In 2009, the railway should move 1 million cubic meters of alcohol towards the market in São Paulo and surrounding region, and the total may rise to 2 million a year by 2010. The operation counts on 250 new tanker wagons each with a 103 cubic-meter fuel capacity to be used to collect the product in the interior of the states of São Paulo, Mato Grosso and Mato Grosso do Sul.

The partnership allows for optimization of the railway fleet, transporting alcohol on the return trip. Currently, ALL transports 170,000 cubic meters of diesel and petrol a month, collected at Replan.

Now the cars, which used to return empty for re-loading, may return full of alcohol produced in the countryside, completing the cycle of assets and reducing operating cost, which makes freight more attractive and the railway more competitive.

"We have entered a growing market, which will be supplied based on our spare capacity, offering the market more productive and cheaper logistics," said Eduardo Fares, who is responsible for the Liquids Unit at ALL.

Undergarments

The undergarments sector, which represents 9.5% of the textile production chain and had revenues of 4.59 billion reais (US$ 2.8 billion) in 2007, should grow around 15% this year. Brazil consumes 835 million items each year. For 2008, the estimate is to expand the number of items produced by between 11% and 15%.

Perspectives are also good when considering the foreign market. In 2007, exports were close to US$ 40 million. This year they should grow on average 10%. The main importer markets are the countries in Latin America and the European Union. Countries in the Middle East are also on the list of buyers.

Accelerate Brazil!

Between 1997 and 2006, the Brazilian participation in global agribusiness trade has risen to 6.9%. In the period, the average growth of Brazilian sector exports was 9.6% a year. This is revealed by the Agribusiness Commercial Exchange – Main Market Destinations, elaborated by the Secretariat of Agribusiness Foreign Relations, of the Ministry of Agriculture, Livestock and Supply.

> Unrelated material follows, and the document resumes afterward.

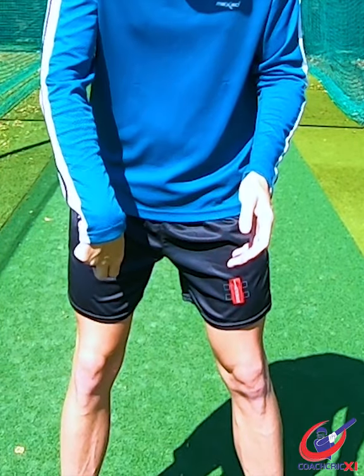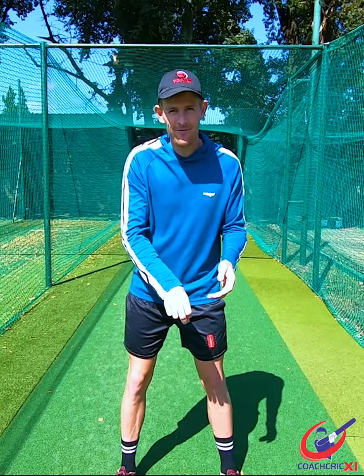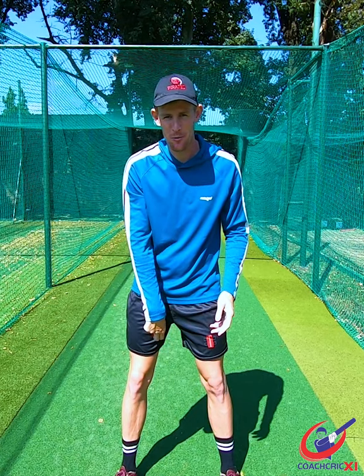Seam Bowling Wrist Position Drills Part 2. We're going to start off with some underarm wrist flex, flicking the ball to a catcher, making sure to impart as many revolutions as possible.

In the period analyzed by the publication, released last week, global agribusiness trade grew 57% between 1997 and 2006. In the period, the value exported to the whole of the world rose from US$ 388.6 billion to US$ 609.8 billion.

In 2007, Brazilian agribusiness exports reached the figure of US$ 58.4 billion, 2.5 times more than the total registered ten years ago, when Brazil exported US$ 23.4 billion. This growth, however, has not been regular due to the oscillation of international commodity prices.

Over the last three years, the annual growth of 14% in the value of agribusiness exports is the consequence, mainly, of a 68% price hike in the period, as against a 32% increase in the volume exported.

State-Owned Companies

Site Contas Abertas (Open Accounts) informs that investment of state-owned companies in the first half of this year were the greatest of the last ten years. Between January and June, state-owned companies invested 20.1 billion reais (US$ 12.3 billion), around 35% more than in the same period last year.

Petrobras alone invested 18 billion reais (US$ 11 billion), that is, 89% of all the funds in the first half. The investment of the state-owned company also totaled 68% more than the average of the first six months of 1999 and 2007, calculated at 12 billion reais (US$ 7.3 billion), at current figures – already having discounted the effects of inflation.